Another trick that can be used to dampen noise is to spray the rotors with an aerosol product designed to dampen noise and assist pad break-in. Spray-on surface treatments obviously don't last forever, but they can help dampen noise for several hundred to several thousand miles depending on how often the brakes are used. These products typically contain lubricants and microfine aluminum particles.

According to one manufacturer who makes a spray-on rotor treatment, the particles form a molecular bond with the rotor surface and creates a "composite" surface that allows for a more controlled burnish as the new pads seat in. The result is less vibration, no annoying noise and a smoother feel.

ROTOR FINISH
Rotor finish also plays a big role in reducing noise. If you cut your own rotors, keep your lathe bits sharp.

Rotors must be clean, smooth, flat and within OEM specifications to keep noise at bay. The recommended rotor finish for most applications is 60 to 80 microinches or less. A range of 20 to 50 microinches will usually guarantee quiet operation even on vehicles that are sensitive to brake noise.

Composite rotors require special care when resurfacing because they lack the rigidity of cast rotors. The rotor needs to be supported by large bell caps or adapters otherwise it may flex leaving tool chatter marks on the surface.

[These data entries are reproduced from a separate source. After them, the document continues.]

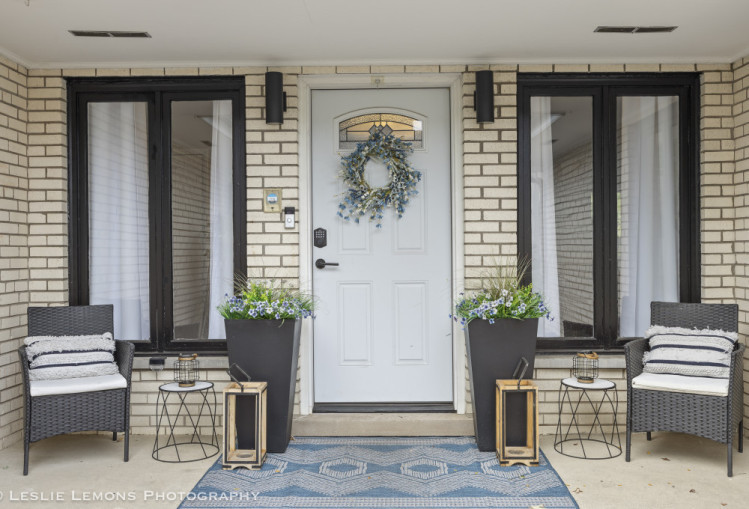 707 South Finley Road Lombard, IL 60148 - Photo 2 of 25 a front view of a house with outdoor seating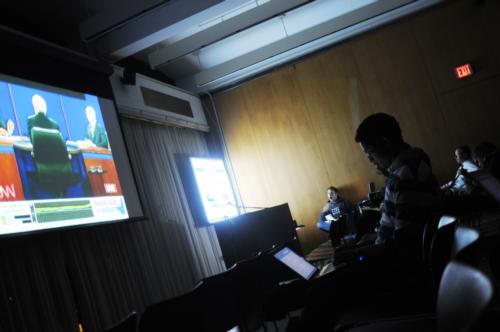 Students watch the final Presidential Debate between Senators Barack Obama and John McCain at the Student Organization Center at Hilles yesterday.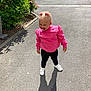 toddler, child, pacifier, pink_sweatshirt, black_leggings, white_shoes, hair_bows, shadow, sunlight, pavement, outdoor, greenery, flowers, sidewalk, curb, casual_clothing, standing, cute, happy, daytime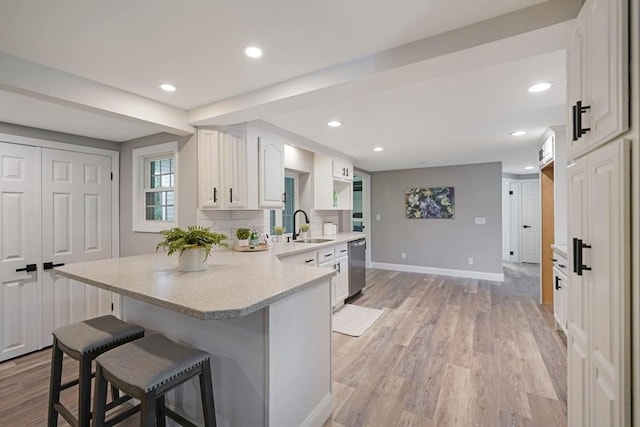 11 Rose Ave, Westport, MA 02790 - kitchen featuring dishwasher, a breakfast bar area, a peninsula, white cabinets, and light wood finished floors
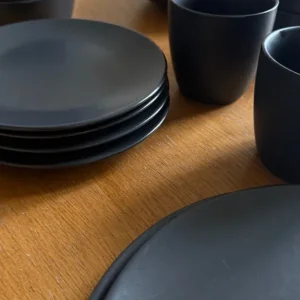 Black set of dinnerware plates, bowls, mugs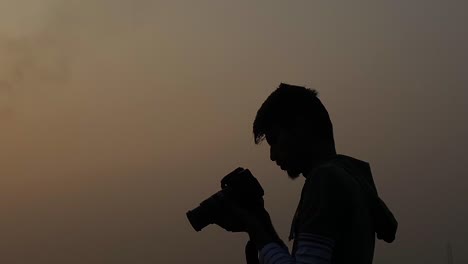 man with camera taking photographs at evening overcast sky, silhouette, static, profile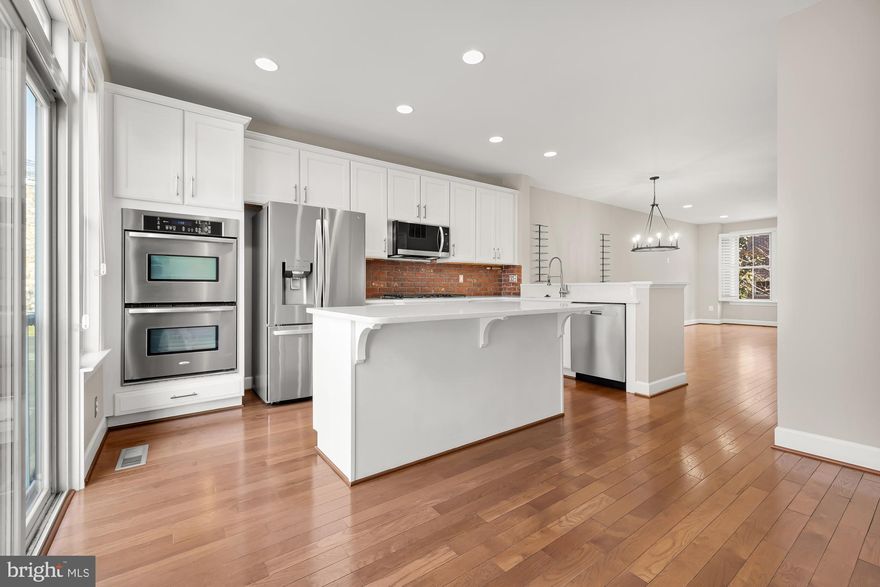 Meticulous, Updated townhome, with chef's kitchen, gleaming hardwood floors throughout, 2-car garage parking and private roof deck. Gourmet kitchen features double ovens, crisp white quartz countertops, stainless steel appliances, sizable island and opportunity for eat-in table.  Open floor plans blends dining and living room seamlessly. The upper level is equally stunning, with a fantastic primary suite and completely renovated ensuite bathroom.  The secondary bedroom and bathroom are equally luxe, stylishly renovated as well, and a washer/dryer is conveniently located on this level.    Relax and unwind as you head up to your private roof deck!  Additional storage space in the garage.  This home is professionally managed by Peake Management Inc. for your ease.  Pets allowed!

Conveniently located steps away from Shirlington Villages with shopping, boutiques, theatres, award-winning restaurants and more.  Easy access to I-395, Crystal City, also convenient drive to downtown Washington DC, Reagan Airport & Pentagon City METRO Station.  WO&D trail & Four Mile Run dog park steps away.  Close to Old Town Alexandria, the Pentagon, Clarendon, Ballston & Rosslyn.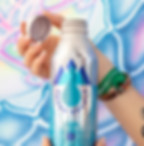 Someone holding up a water bottle in front of an art mural at Bhakti Fest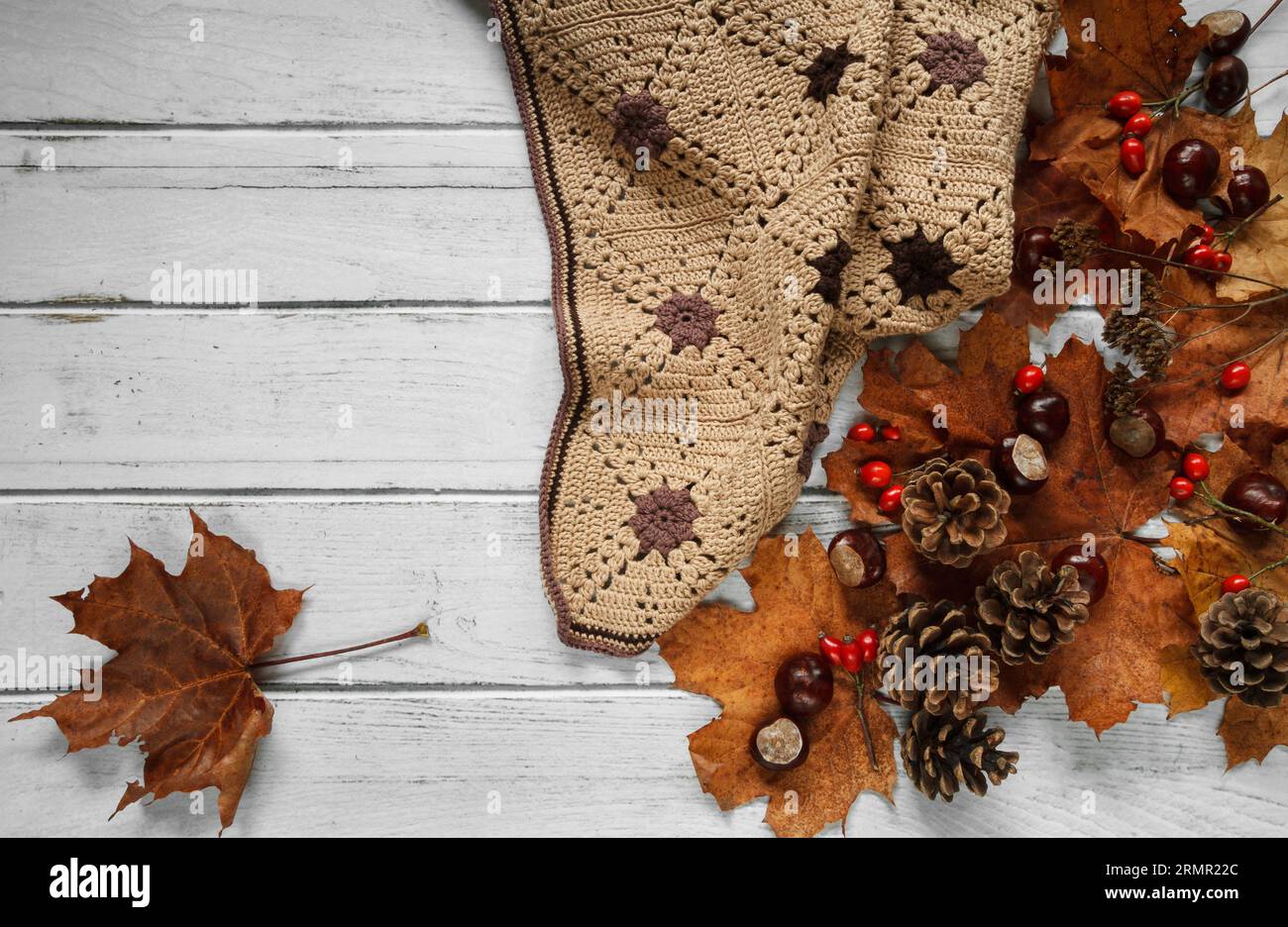 Warm, cosy handmade blanket, with autumn leaves, cones and chestnuts. Fall flat lay composition on white wooden table, with copy space. Stock Photo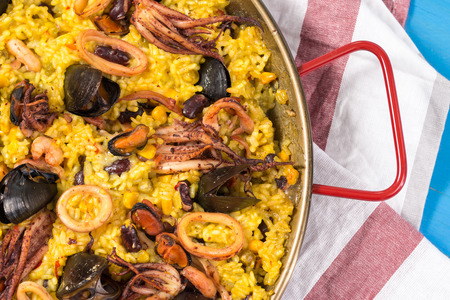 Spanish Seafood Paella in Traditional Pan on Rustic Wooden Tableの写真素材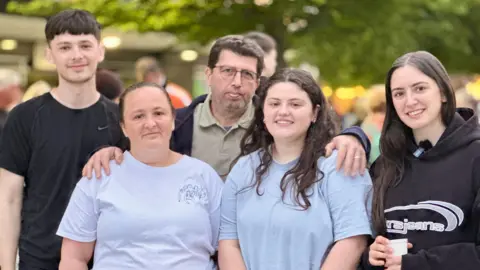 Five relatives of Mario Fassoli - three women and two men - look into the camera after completing the walk.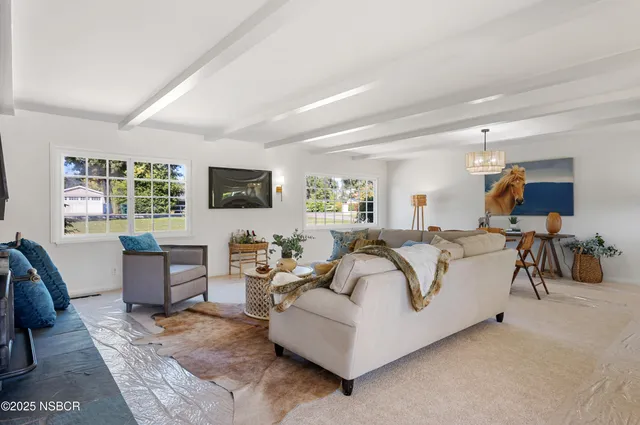 a kitchen with a sink a stove and a clock on the wall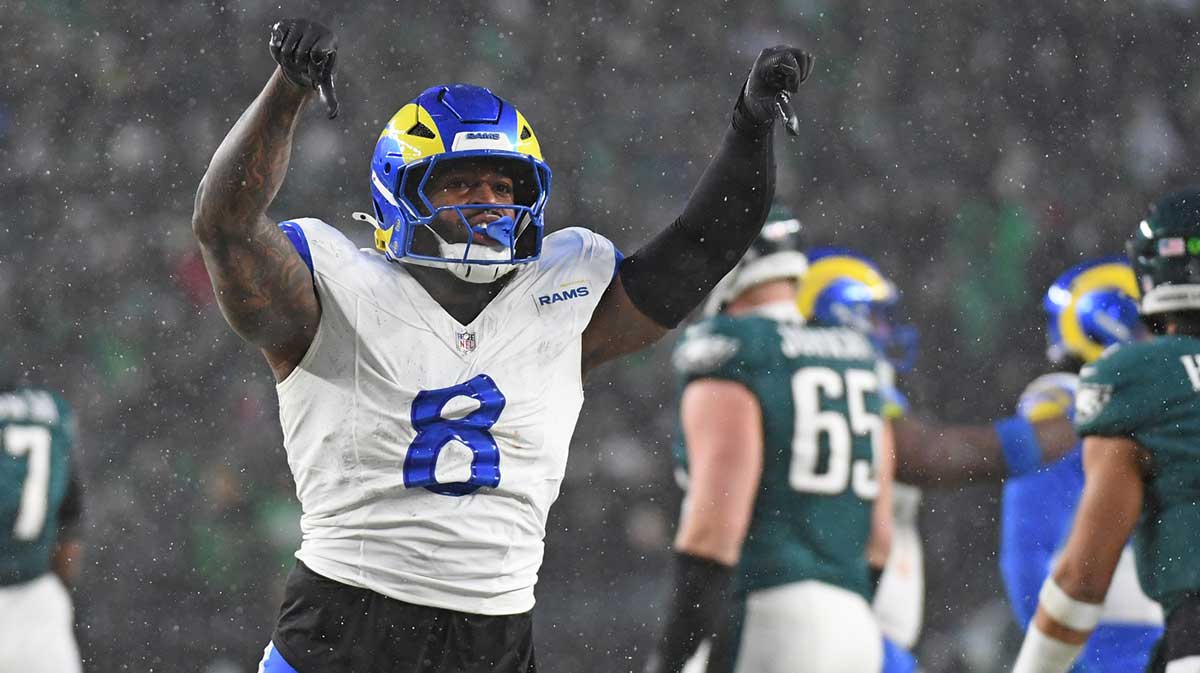 Los Angeles Rams linebacker Jared Verse (8) reacts after a play against the Philadelphia Eagles in a 2025 NFC divisional round game at Lincoln Financial Field.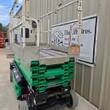 JLG 3246ES wide silver platform deck and rails above green scissor stack, end view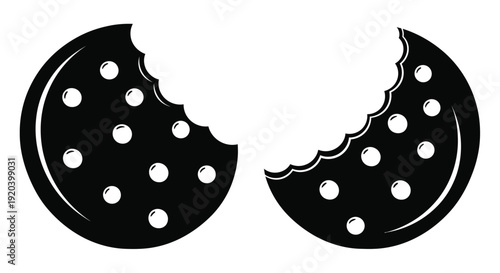 Two chocolate chip cookies one with a bite taken in silhouette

The other alternative is to use an on-car lathe to resurface composite rotors.

Use a slow feed rate to achieve the finest finish. Don't rush the job or you'll end up with rough, grooved rotors that grab the pads and generate noise. Also, remember to wash the rotors with soapy water and a brush after they have been turned to remove residue you don't want to be embedded in the new pads.

A properly turned rotor that is within OEM surface finish specifications should not require any additional sanding. Even so, many people feel sanding with #150 grit abrasive or a flexible bead style rotor finishing brush improves the rotor surface and reduces the risk of squeal.

If sanding with a flexible bead brush, use a drill speed of 300 to 600 rpm (never exceed 1,000 rpm) and bring the tool into contact with the rotor at a slight angle. Use light uniform pressure and keep the brush moving. Ten to fifteen seconds of brushing clockwise followed by 5 to 10 seconds of counterclockwise should product the desired finish.
Taken from http://www.aa1car.com/library/2004/bf80426.htm

Re: Squeeky Brakes

Posted: Tue Aug 18, 2009 8:18 pm
by supra supra
Wear bigger ear plugs?!? :shock:

Maybe give the Kawasaki mechs a call and see if the ZX14s (I'm guessing that's what you own) are known for these problems and if there's a fix for it. Perhaps change to a different set of pads may help things. I'm not really sure...

Re: Squeeky Brakes

Posted: Tue Aug 18, 2009 10:05 pm
by Saki
farked bike, sell to me for $50 posted

Re: Squeeky Brakes

Posted: Wed Aug 19, 2009 8:00 am
by seiko1
Sweet Jesus S&W :? :kuda:

Re: Squeeky Brakes

Posted: Wed Aug 19, 2009 11:54 am
by bluezx14
Yes it is a known thing that 14's do, mine only does it when I have been commuting without going for a fang in a while and a couple of good fists full of brake fixes the problem right up. So I don't know what is going on with Seiko's bike but my bet would still be glazed pads or the wrong compound for the rotors.